Reprise faible en Tunisie et en Egypte, très forte en Libye
"Mohamed Bouazizi, victime du chômage et de la marginalisation", dit la pancarte.
L’Afrique a connu cette dernière décennie sa plus forte période de croissance et si la cadence a été ralentit dans certaines régions par la crise mondiale de 2008 ou le printemps arabe de 2011, le continent semble petit-à-petit retrouver son rythme et les Pea prévoient une croissance en 2012 et 2013 de respectivement 4,5 et 4,8%.
Si cette reprise risque d’être moindre dans des pays comme la Tunisie et l’Egypte (3 et 2%) où les évènements sociaux-politiques décideront du contexte économique, on prévoit un boom de croissance pour la Libye (plus de 15%) qui reprend le chemin de la reconstruction après un an de guerre civile.
Néanmoins, derrière ces chiffres encourageants se cachent encore de grands problèmes économiques et notamment celui de l’emploi des jeunes.

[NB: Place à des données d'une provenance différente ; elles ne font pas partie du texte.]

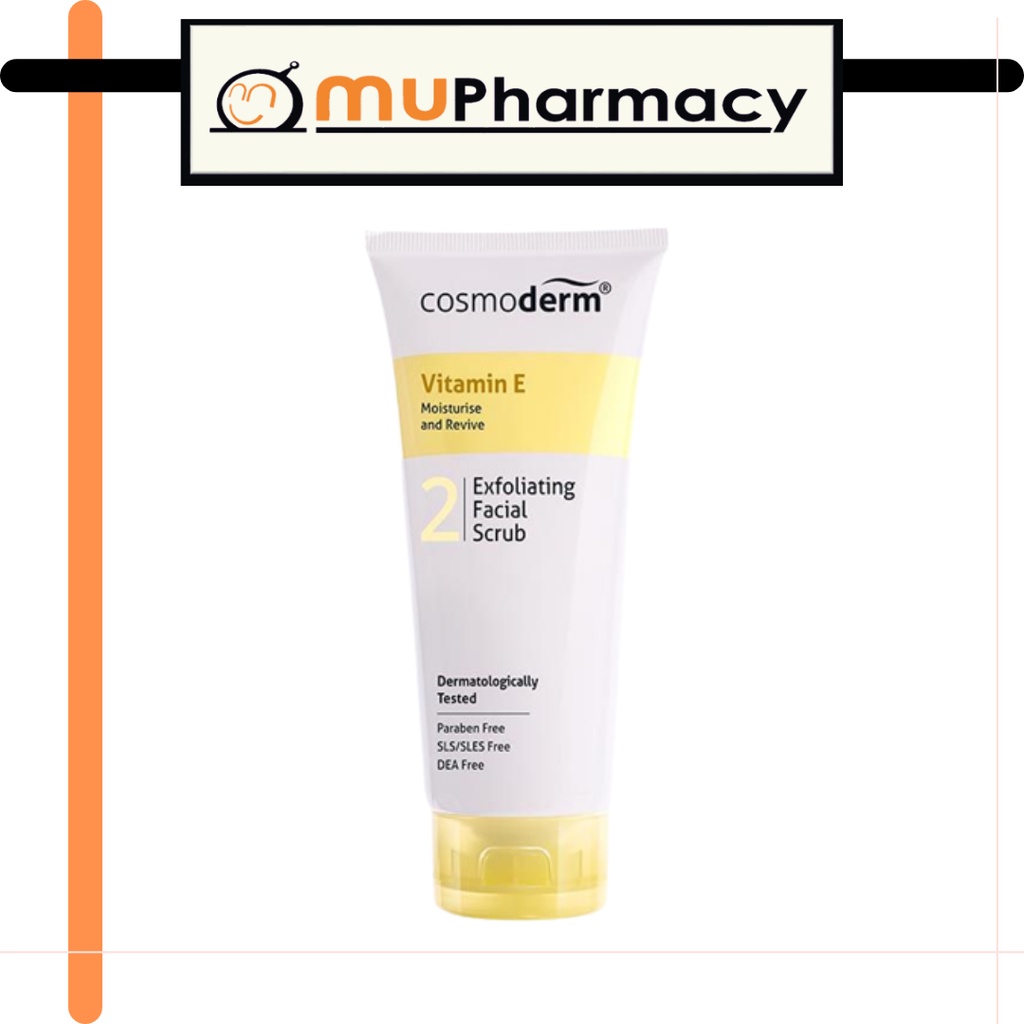 Cosmoderm Vitamin E Facial Scrub 125ML (MFG06/2022) Shopee Malaysia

Ainsi, malgré la forte croissance de la période 2000-2010, les pays d’Afrique n’ont toujours pas réussi à résoudre le problème du chômage de leurs 15-29 ans et n’ont pas réussi à créer suffisamment d’emplois pour absorber cet afflux. Si la croissance est une condition nécessaire à cet enjeu de l’emploi des jeunes, elle semble n’avoir pas été une condition suffisante. Officiellement, 30% de cette catégorie de la population est au chômage, mais si l’on considère toute la proportion des «découragés» qui ont abandonné les recherches d’emplois, on peut arriver à 40% de chômeurs de moins de 30 ans en Afrique.
Dans la région de l’Afrique du Nord, à l’enjeu du chômage des jeunes se juxtapose le problème des jeunes diplômés. En Tunisie, par exemple, on trouve plus de 18% de chômeurs parmi les 15-25 ans mais à l’intérieur de ce groupe 33% sont des chômeurs diplômés.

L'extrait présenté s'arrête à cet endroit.